Liu told the Guardian about the odd forced labour:
There were 300 prisoners forced to play games. We worked 12-hour shifts in the camp. I heard [the guards] say they could earn 5,000-6,000rmb [US$770-925] a day. We didn't see any of the money. The computers were never turned off. Prison bosses made more money forcing inmates to play games than they do forcing people to do manual labour.
The task he performed, known as “gold-farming”, is benefited from by millions of gamers who are willing to pay real money for virtual credits inside a game. If Liu did not meet his work quota, he was punished physically; “they would make me stand with my hands raised in the air and after I returned to my dormitory they would beat me with plastic pipes.” Liu said he played for so long he could “barely see things.”

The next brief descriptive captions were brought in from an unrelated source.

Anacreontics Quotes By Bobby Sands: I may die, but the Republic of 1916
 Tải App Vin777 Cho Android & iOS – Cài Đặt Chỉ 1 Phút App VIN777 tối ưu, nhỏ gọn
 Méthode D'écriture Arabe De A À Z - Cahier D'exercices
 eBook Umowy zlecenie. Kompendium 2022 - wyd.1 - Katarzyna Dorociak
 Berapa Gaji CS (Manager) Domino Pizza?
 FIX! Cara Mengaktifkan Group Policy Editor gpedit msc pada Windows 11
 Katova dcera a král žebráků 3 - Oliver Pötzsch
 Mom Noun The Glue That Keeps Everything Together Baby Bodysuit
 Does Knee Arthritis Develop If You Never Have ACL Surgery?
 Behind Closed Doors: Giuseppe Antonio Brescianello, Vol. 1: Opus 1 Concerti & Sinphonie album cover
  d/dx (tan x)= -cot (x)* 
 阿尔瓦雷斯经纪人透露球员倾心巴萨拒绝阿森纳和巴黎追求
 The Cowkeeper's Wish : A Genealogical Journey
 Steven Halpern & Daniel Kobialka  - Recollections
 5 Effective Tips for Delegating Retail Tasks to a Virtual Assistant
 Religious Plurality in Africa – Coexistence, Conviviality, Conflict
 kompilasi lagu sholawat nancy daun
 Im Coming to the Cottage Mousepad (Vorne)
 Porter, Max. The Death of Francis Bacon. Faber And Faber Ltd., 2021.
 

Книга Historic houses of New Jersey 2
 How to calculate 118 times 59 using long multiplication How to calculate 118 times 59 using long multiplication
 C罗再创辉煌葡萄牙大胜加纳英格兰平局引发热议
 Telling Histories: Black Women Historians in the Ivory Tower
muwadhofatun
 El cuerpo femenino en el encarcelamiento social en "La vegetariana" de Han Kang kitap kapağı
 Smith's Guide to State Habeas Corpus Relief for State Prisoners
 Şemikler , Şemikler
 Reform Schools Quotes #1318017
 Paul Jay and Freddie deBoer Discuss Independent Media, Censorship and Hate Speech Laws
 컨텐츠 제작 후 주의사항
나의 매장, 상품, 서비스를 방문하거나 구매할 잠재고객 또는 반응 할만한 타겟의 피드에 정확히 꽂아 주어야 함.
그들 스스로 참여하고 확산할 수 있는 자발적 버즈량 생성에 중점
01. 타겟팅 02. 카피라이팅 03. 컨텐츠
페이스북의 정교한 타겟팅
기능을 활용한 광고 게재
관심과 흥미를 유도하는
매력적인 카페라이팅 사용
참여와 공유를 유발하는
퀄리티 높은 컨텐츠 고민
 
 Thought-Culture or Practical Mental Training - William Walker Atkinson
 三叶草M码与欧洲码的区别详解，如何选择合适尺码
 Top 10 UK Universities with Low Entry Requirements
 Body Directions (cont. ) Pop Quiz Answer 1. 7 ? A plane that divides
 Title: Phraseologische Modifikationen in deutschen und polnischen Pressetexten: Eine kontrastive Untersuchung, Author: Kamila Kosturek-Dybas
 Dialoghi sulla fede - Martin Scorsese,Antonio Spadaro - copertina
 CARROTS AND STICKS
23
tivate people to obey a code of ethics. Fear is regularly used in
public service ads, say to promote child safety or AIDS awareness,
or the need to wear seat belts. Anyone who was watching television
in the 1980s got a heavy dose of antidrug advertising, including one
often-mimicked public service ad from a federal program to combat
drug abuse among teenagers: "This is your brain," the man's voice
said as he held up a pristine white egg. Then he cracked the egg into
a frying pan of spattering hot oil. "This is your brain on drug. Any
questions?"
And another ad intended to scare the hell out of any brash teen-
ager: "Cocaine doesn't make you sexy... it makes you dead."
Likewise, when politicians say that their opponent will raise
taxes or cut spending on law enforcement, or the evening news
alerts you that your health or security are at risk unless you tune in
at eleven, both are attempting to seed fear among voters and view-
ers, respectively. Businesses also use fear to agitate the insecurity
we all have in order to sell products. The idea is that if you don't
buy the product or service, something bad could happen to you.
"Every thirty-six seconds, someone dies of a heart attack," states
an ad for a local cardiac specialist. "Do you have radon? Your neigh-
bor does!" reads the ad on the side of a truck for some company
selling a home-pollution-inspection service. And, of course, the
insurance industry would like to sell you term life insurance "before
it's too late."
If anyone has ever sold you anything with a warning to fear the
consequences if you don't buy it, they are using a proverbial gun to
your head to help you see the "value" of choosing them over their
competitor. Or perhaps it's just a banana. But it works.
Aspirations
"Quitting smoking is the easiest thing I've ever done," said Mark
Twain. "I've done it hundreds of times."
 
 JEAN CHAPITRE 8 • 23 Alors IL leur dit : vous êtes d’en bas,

While Liu was released in 2007, he still believes the business is lucrative for prison guards as they can make more money from gold-farming than other manual labour tasks. The Guardian notes that around 80% of all gold farmers come from China, with a total full-time population of around 100,000. In China, it is illegal for businesses to trade fictional currencies without a license, but it seems prisons are somewhat exempt and brutally exploit inmates to produce fictional gold.